The Central Bank of Iceland has decided to take advantage of loan channels from Norway and Denmark worth EUR 400 million (USD 546 million) on the basis of currency swap agreements reached between the Nordic countries in May this year.
The agreements were made with the central banks of Norway, Sweden and Denmark and granted EUR 500 million (USD 683 million) from each bank in exchange for Icelandic krónur, Fréttabladid reports.
The foreign currency will be used to facilitate trade overseas. “It is supposed to secure trade for essentials like medicine, oil and, if need be, food products,” said Minister of Industry Össur Skarphédinsson, adding however that the amount may not prove sufficient.

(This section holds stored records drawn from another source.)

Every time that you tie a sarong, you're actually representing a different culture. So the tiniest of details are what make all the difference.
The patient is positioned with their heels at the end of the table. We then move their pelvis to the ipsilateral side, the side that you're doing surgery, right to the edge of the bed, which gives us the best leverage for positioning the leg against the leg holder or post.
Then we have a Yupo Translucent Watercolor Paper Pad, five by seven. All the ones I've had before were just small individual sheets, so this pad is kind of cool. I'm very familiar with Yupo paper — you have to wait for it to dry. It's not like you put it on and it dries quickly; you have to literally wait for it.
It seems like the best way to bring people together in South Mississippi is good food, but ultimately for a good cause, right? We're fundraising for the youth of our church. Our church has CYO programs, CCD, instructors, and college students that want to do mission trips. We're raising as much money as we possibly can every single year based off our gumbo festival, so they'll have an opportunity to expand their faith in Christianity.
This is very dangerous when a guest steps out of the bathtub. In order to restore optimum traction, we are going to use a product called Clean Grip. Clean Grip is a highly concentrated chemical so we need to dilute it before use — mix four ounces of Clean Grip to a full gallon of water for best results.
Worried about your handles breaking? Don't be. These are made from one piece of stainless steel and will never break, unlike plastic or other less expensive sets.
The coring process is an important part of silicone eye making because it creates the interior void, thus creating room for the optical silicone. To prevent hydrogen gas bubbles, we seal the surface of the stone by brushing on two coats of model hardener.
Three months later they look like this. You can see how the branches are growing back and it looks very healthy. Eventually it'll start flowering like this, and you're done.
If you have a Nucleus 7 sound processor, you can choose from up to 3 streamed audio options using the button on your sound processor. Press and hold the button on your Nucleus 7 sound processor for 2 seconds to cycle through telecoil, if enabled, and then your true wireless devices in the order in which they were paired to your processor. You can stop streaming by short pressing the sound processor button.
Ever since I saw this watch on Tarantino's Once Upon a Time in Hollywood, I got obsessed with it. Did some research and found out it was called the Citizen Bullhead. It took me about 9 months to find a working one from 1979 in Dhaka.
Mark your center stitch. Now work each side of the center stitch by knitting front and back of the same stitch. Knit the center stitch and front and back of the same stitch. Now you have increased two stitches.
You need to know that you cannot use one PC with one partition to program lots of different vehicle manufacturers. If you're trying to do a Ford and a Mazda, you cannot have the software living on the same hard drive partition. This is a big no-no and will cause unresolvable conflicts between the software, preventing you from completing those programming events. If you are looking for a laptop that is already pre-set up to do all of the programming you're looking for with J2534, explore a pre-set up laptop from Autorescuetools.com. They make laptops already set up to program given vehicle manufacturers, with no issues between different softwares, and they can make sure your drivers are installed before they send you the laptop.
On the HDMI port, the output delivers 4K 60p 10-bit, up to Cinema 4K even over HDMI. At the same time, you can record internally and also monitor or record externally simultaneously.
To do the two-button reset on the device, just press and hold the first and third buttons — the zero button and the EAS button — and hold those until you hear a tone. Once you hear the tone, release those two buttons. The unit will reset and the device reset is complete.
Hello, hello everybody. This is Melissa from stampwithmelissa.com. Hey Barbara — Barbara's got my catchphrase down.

“I fear that this will not have a decisive impact on the situation. The most serious problem that we are facing is the situation of currency markets and I believe that either people have to make a decision on seeking assistance from the International Monetary Fund or obtain a much higher amount of foreign currency elsewhere,” Skarphédinsson said.
Pétur Blöndal, chairman of the Althingi parliament’s committee on trade and economics, said activating the currency swap agreements will have a positive influence for the economy and a good impact on the trade balance.
Ólafur Ísleifsson, a professor of economics at Reykjavík University, said however that these measures demonstrate how the lack of foreign currency in Iceland has reached a critical stage, explaining that the currency swap agreements were originally intended for increasing Iceland’s foreign currency reserves but not for foreign trade.